DATASET SECTION:
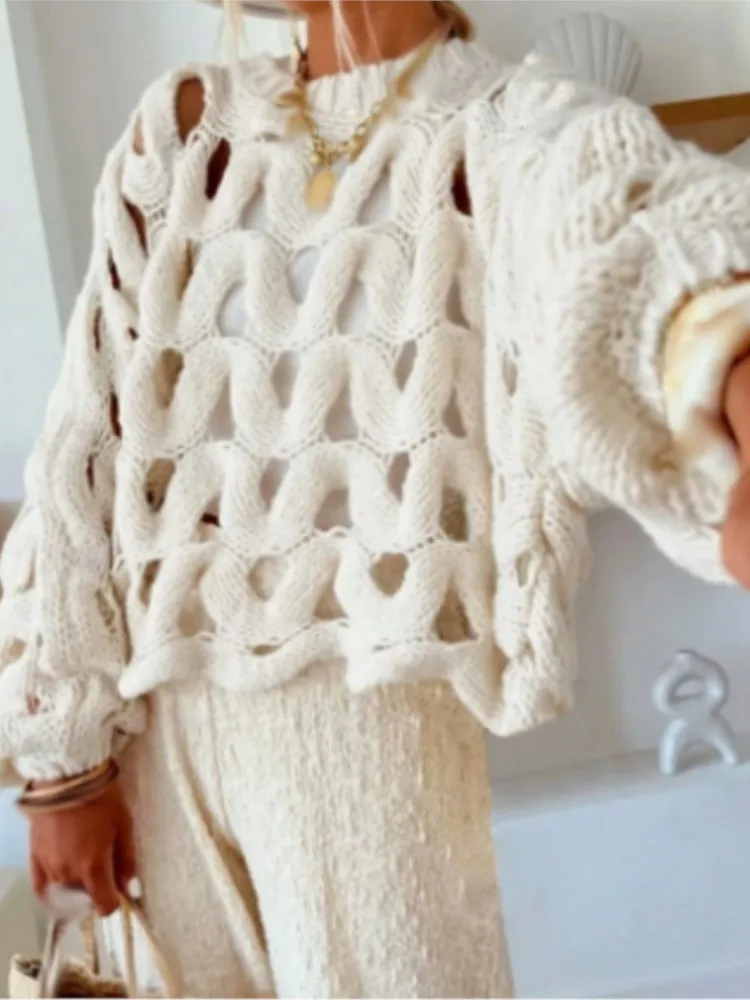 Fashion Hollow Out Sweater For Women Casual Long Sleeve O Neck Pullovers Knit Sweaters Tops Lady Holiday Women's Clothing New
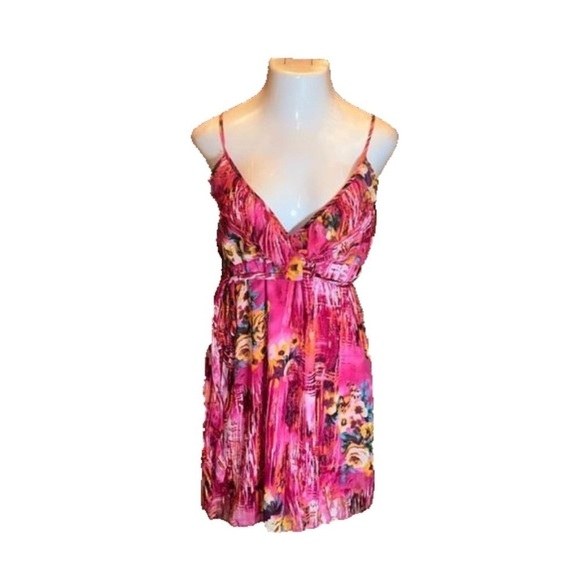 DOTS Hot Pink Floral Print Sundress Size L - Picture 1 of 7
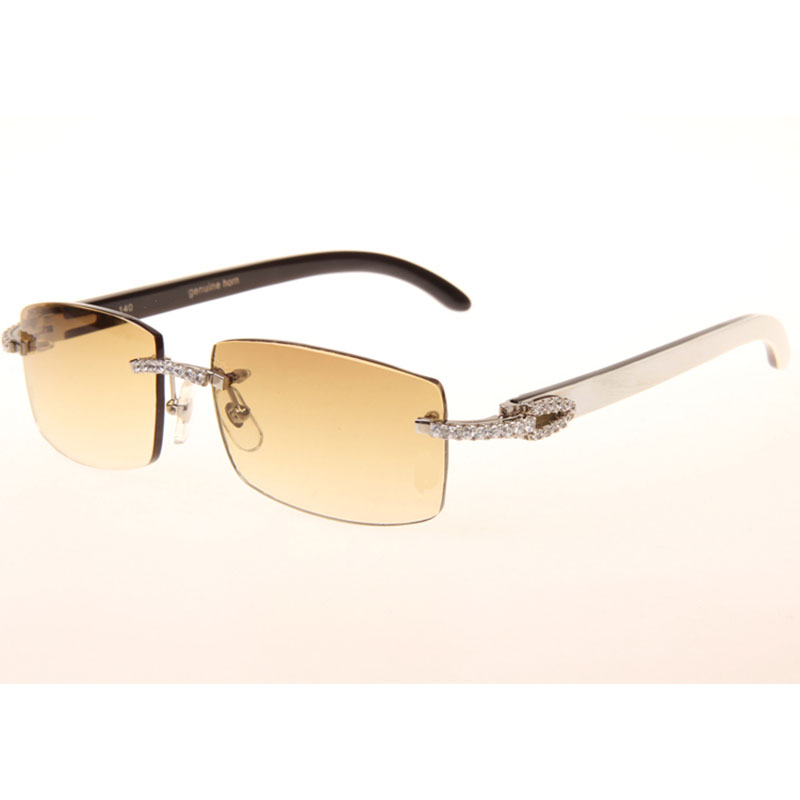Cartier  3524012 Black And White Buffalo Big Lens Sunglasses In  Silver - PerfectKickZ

TASK PROMPT: Starting with the line that holds "DOTS Hot Pink", repeat exactly every line through the end of the material above, both ends included, without the pictures.

RESPONSE TO THE TASK:
 DOTS Hot Pink Floral Print Sundress Size L - Picture 1 of 7
Cartier  3524012 Black And White Buffalo Big Lens Sunglasses In  Silver - PerfectKickZ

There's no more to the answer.